Therefore, by using WALs and reliable Receiver, Spark Streaming can avoid input data loss caused by Driver failures.

SparkSQL Principle

SparkSQL

Figure 2-37 SparkSQL and DataFrame

Spark SQL is a module for processing structured data. In Spark application, SQL statements or DataFrame APIs can be seamlessly used for querying structured data.

Spark SQL and DataFrame also provide a universal method for accessing multiple data sources such as Hive, Avro, Parquet, ORC, JSON, and JDBC. These data sources also allow data interaction. Spark SQL reuses the Hive frontend processing logic and meta data processing module. With the Spark SQL, you can directly query existing Hive data.

In addition, Spark SQL also provides API, CLI, and JDBC interfaces allowing diverse inputs to the client.

DataFrame

DataFrame is a structured distributed data set composed of several columns, which is similar to a table in the relationship database or the data frame in R/Python. DataFrame is a basic concept in Spark SQL, and can be created by using multiple methods, such as structured data set, Hive table, external database, or RDD.

The Spark SQL portal is the SQLContext class (or its child class). When SQLContext is created, a SparkContext object is required serving as the construction parameter. SQLContext has a child class HiveContext. Compared with SQLContext, HiveContext has the functions of HiveQL parser, UDF, and reading existing Hive data. However, HiveContext does not reply on the running Hive, but only relies on the Hive class library.

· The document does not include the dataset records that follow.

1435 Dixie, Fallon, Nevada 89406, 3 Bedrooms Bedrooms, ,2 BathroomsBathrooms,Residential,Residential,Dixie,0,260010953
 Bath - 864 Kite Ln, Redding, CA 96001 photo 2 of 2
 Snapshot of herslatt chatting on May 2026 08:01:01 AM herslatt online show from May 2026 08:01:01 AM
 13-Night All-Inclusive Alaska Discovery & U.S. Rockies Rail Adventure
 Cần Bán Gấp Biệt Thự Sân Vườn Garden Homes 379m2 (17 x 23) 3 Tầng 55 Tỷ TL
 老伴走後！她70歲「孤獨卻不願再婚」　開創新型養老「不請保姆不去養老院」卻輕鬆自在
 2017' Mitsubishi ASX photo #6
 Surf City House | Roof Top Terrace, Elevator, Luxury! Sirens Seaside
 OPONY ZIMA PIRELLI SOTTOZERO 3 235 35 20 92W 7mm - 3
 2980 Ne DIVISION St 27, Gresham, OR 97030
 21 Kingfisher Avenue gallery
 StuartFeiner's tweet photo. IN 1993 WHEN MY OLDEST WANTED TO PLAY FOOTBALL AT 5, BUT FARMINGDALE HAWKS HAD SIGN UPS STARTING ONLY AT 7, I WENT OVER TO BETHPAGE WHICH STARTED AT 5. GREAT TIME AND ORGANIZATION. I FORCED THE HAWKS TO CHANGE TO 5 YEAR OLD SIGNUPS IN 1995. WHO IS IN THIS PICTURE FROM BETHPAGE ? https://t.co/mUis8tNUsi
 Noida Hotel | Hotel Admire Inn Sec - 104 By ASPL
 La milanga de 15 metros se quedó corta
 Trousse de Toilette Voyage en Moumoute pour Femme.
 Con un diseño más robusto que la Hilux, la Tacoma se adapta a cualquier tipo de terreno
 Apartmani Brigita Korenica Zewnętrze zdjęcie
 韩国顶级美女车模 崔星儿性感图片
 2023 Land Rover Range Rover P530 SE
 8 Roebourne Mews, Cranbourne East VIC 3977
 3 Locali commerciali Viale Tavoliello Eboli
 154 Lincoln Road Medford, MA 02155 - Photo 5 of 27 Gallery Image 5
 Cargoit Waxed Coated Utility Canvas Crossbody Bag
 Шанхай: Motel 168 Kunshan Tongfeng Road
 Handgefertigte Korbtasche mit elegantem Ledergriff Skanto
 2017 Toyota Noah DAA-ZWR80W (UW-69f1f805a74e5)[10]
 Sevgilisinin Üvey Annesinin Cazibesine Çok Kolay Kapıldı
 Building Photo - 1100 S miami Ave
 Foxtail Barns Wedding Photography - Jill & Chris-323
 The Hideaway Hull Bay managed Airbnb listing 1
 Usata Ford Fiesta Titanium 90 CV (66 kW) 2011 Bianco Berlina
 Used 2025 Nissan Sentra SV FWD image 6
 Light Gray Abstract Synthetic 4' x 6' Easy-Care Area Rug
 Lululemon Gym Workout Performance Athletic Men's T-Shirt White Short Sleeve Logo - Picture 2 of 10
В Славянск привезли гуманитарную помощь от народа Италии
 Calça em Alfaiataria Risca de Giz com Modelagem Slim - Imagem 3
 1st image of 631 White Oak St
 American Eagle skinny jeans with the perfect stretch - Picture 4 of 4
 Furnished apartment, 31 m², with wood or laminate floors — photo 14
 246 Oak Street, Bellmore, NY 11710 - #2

With SQLContext and its child classes, you can create SparkSQL basic data set DataFrame. DataFrame provides diverse upstream programming interfaces and is compatible with many downstream data sources such as Parquet, JSON, Hive, Database, and HBase. All these data sources can be read by using a uniform syntax.

CLI and JDBCServer

Excluding programming APIs, Spark SQL also provides the CLI/JDBC interface. The spark-shell and spark-sql scripts can provide the CLI for debugging. JDBCServer provides the JDBC interface for directly sending external JDBC requests to compute and parse structured data.

Basic Concepts
  • RDD

    Resilient Distributed Dataset (RDD) is a core concept of Spark. It indicates a read-only and partitionable distributed dataset. Partial or all data of this dataset can be cached in the memory and reused between computations.

    RDD Generation

    • An RDD can be generated from the Hadoop file system or other storage systems that are compatible with Hadoop, such as Hadoop Distributed File System (HDFS).
    • A new RDD can be transferred from a parent RDD.
    • An RDD can be converted from a collection.

    RDD Storage

    • Users can select different storage levels to store an RDD for reuse. (There are 11 storage levels to store an RDD.)
    • The current RDD is stored in the memory by default. When the memory is insufficient, the RDD overflows to the disk.
  • RDD Dependency

    The RDD dependency includes the narrow dependency and wide dependency.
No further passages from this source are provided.